What you have to do: Starting at the line that contains "TERRENO 1,620 M2", write out each line exactly through the last one in the material below, and nothing more; omit all pictures.
++++ Given material ++++
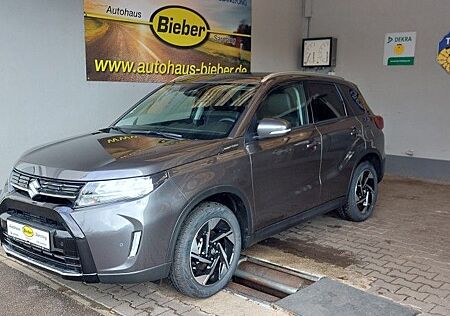 Suzuki Vitara 1.4 Hybrid Allgrip Comfort+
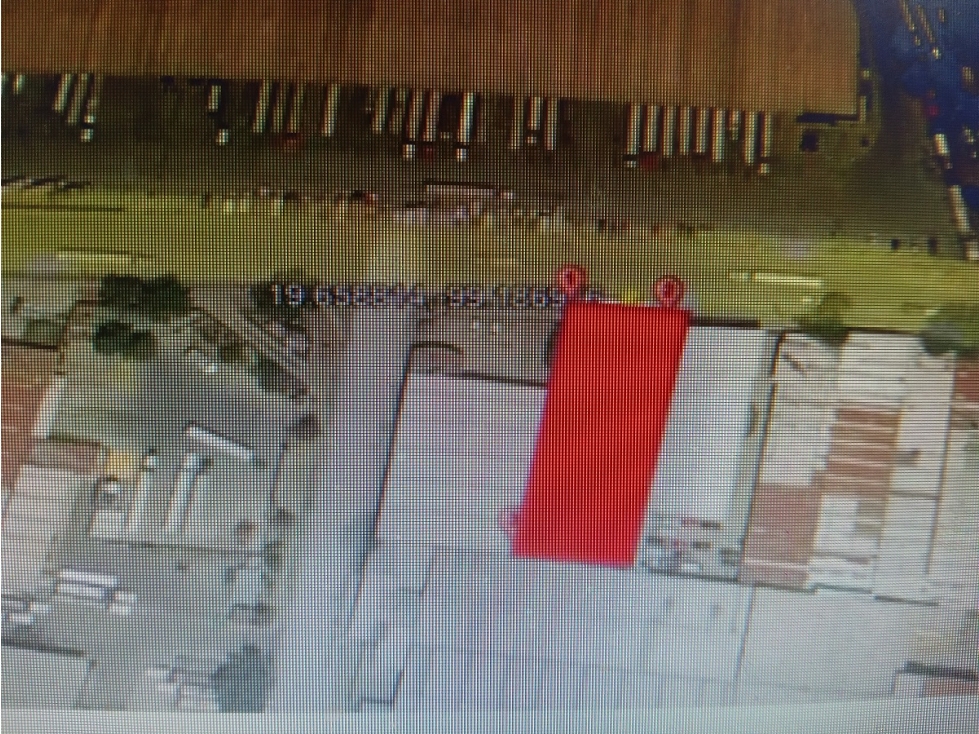 TERRENO 1,620 M2 VENTA CUAUTITLAN IZCALLI EDO. DE MEX. - 4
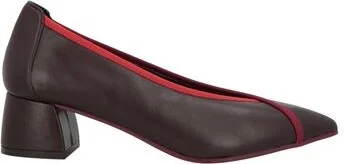 Daniele Ancarani Woman Pumps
++++
Answer to this task:
 TERRENO 1,620 M2 VENTA CUAUTITLAN IZCALLI EDO. DE MEX. - 4
 Daniele Ancarani Woman Pumps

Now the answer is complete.